Reciprocal Teaching involves the teacher and students in reading, talking and critically thinking about a text. The text should be instructional, at a level that has some challenges for the students but where most vocabulary can be read correctly.

Initially, the teacher takes an active role in leading the discussion to improve the comprehension of the material being read. This collaborative, problem-solving dialogue involves talk that is purposeful and relaxed and provides opportunities to expand, explore, and extend.

Once students have gained an independent application of the strategies, the teacher continues to be an active member but students can take on the leader role.
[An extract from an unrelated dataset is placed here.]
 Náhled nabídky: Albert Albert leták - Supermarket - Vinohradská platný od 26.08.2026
In summary, this strategy supports students to construct meaning from text as well as a means of monitoring their reading to ensure that they in fact understand what they read.
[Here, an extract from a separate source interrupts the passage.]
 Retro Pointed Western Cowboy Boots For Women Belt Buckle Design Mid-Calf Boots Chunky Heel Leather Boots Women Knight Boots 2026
There are four distinct stages, each selected for the following purpose:

  • predicting
  • clarifying
  • question generating
  • summarising

Predicting

Predicting occurs when students hypothesize what the author will discuss next in the text. In order to do this successfully, students must activate the relevant background knowledge that they already possess regarding the topic. The students have a purpose for reading: to confirm or disprove their hypotheses.

Furthermore, the opportunity has been created for the students to link the new knowledge they will encounter in the text with the knowledge they already possess. The predicting strategy also facilitates use of text structure as students learn that headings, subheadings, and questions imbedded in the text are useful means of anticipating what might occur next.

Clarifying

Clarifying is an activity that is particularly important when working with students who have a history of comprehension difficulty. These students may believe that the purpose of reading is only about saying the words correctly; they may have not yet registered that the words, and the passage, are not making sense to them.
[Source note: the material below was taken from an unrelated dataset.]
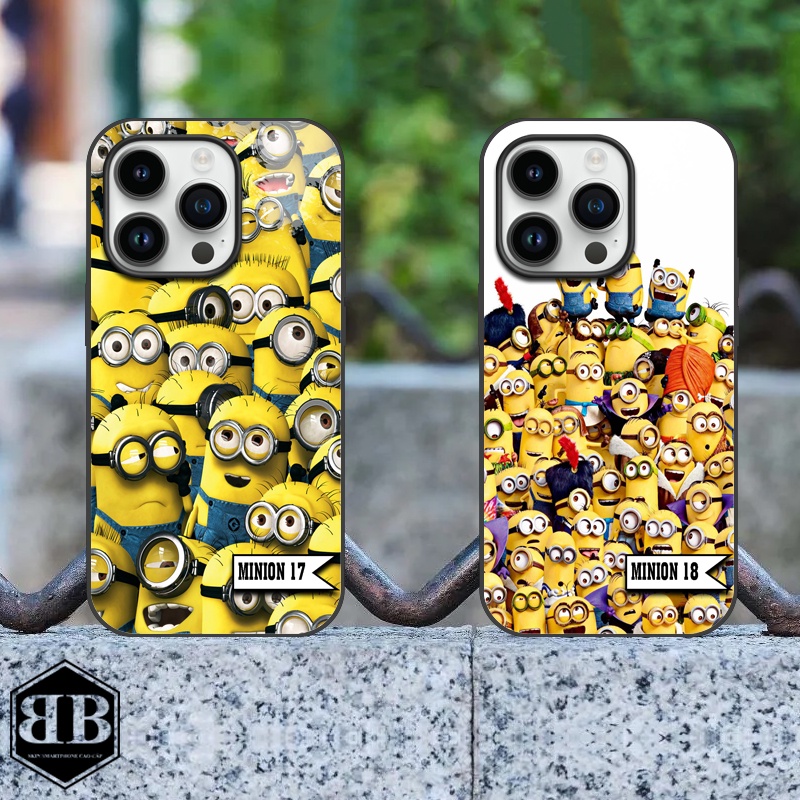 Ốp lưng kính cường lực dành cho máy Iphone 14 Pro / Iphone 14 Pro Max minion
When the students are asked to clarify, their attention is called to the fact that there may be many reasons why text is difficult to understand such as new vocabulary, unclear reference words, and unfamiliar and perhaps difficult concepts.

They are taught to be alert to the effects of such impediments to comprehension and to take the necessary measures to restore meaning (e.g., reread, ask for help).

Question generating

Question generating reinforces the summarising strategy and carries the learner one more step along in the comprehension activity. When students generate questions, they first identify the kind of information that is significant enough to provide the substance for a question.

They then pose this information in question form and self-test to ascertain that they can indeed answer their own question. Question generating is a flexible strategy to the extent that students can be taught and encouraged to generate questions at many levels. For example, some school situations require that students master supporting detail information; others require that the students be able to infer or apply new information from text.

Summarising

Summarising provides the opportunity to identify and integrate the most important information in the text. Text can be summarised across sentences, across paragraphs, and across the passage as a whole. When the students first begin the Reciprocal Teaching procedure, their efforts are generally focused at the sentence and paragraph levels. As they become more proficient, they are able to integrate at the paragraph and passage levels.

Selecting text

When selecting text for students, teachers consider the following:

  • Is the information in the text connected and organized?
  • Are the sentences grammatically complex, using embedded and subordinate clauses?
  • How long are the sentences?
  • Is there technical/subject specific vocabulary that may be unfamiliar?
  • Are words used that assume a specific cultural knowledge?
  • Does the text avoid stereotyping?
  • Does the text omit important information?
  • Does the text acknowledge the experience and backgrounds of different groups?
  • Does the text have a clear and predictable layout?
  • Is there an acceptable amount of text per page?
  • Do the headings, labels and illustrations relate to the content?